The two-day workshop titled “Working in an International Academic Community” which was Module 5 of the RSPH tutorials took place 23-24 February at the University of Antwerp, allowing PhD students to participate from Germany, Netherlands and Belgium. This wide-ranging, transnational, transdisciplinary, and cross-cultural nature of the workshop allowed for constructive discussions to take place over the course of the two days.
Dr. Shaeri-Yazdi’s talk regarding the challenges of being consistent with producing publications throughout one’s academic career, through added layers of challenges, specifically as a person of colour, it allowed one to prepare and streamline the publication plan for the post-PhD career which is soon to follow. Additionally, Dr. Schmidt’s talk about his career and journey towards becoming a Japanologist was inspiring and motivating for young scholars who aim to pursue a career studying areas and histories outside of Europe. The second day of the workshop allowed us to brainstorm and develop ideas for forming a panel together for the Annual APH Conference to be held in Antwerp in 2025. My group was able to form a panel titled, “Solidarities, spaces and silences: The politics of movement”.

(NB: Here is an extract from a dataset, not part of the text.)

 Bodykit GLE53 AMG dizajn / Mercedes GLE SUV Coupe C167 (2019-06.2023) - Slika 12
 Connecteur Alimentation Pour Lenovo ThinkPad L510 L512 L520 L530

The discussions revolved around viewing ‘movement’ within colonial (and post-colonial) structures as it shaped resistance to existing structures of coloniality. The colonial structures such as trade routes, circulation networks and infrastructures which were developed to strengthen and establish ideas of coloniality were often also utilized by those resisting coloniality, whereby the people and knowledge moved within these spaces and converged to produce revolutionary movements, human rights campaigns, knowledge-sharing networks, and new strategies of resistance. The spaces which these actors inhabited, or moved within, informed their knowledge and ideas, and subsequently shaped their political practices. We discussed ideas on how to analyse coloniality by viewing how people navigated, negotiated, and resisted these structures of power.
Our projects had far-ranging areas of research geographically, such as the post cities of the Caribbean, in Curacao, Trinidad and Venezuela, to the resistance movements in Zimbabwe and Zambia, to the diplomats and human rights activists of South and Southeast Asia, and back to the University of Antwerp itself. We tried to view our actors in terms of their solidarities through intersectionality, whereby the strategic use of intersectionality by movements illustrated how the solidarities were formed and protected through the acknowledgment and integration of diverse, convergent identities and experiences, challenging both colonial and contemporary forms of exploitation.

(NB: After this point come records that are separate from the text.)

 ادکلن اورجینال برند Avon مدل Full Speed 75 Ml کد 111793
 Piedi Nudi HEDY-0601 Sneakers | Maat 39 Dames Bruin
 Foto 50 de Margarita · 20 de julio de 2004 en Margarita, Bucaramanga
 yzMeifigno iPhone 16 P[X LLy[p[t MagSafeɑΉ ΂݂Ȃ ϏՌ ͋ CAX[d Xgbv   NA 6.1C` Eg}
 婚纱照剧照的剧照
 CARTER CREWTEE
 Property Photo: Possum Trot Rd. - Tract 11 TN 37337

It was, overall, an engaging workshop, which allowed diverse discussions on decoloniality and decolonial thinking, which had previously been overlooked to a large extent from RSPH workshops in the past years. The discussions allowed PhD researchers to rethink and develop their ideas along the lines of a non-Eurocentric framework, which allowed for an interesting deviation from the other sessions. Perhaps a fitting end to the two days of discussions was Dr. Beyen’s excellent tour of Antwerp’s colonial monuments which commemorated the annexation of Congo to the other monuments commemorating King Leopold’s role in these annexations, which was an interesting intersection of cultural and political history in the public sphere.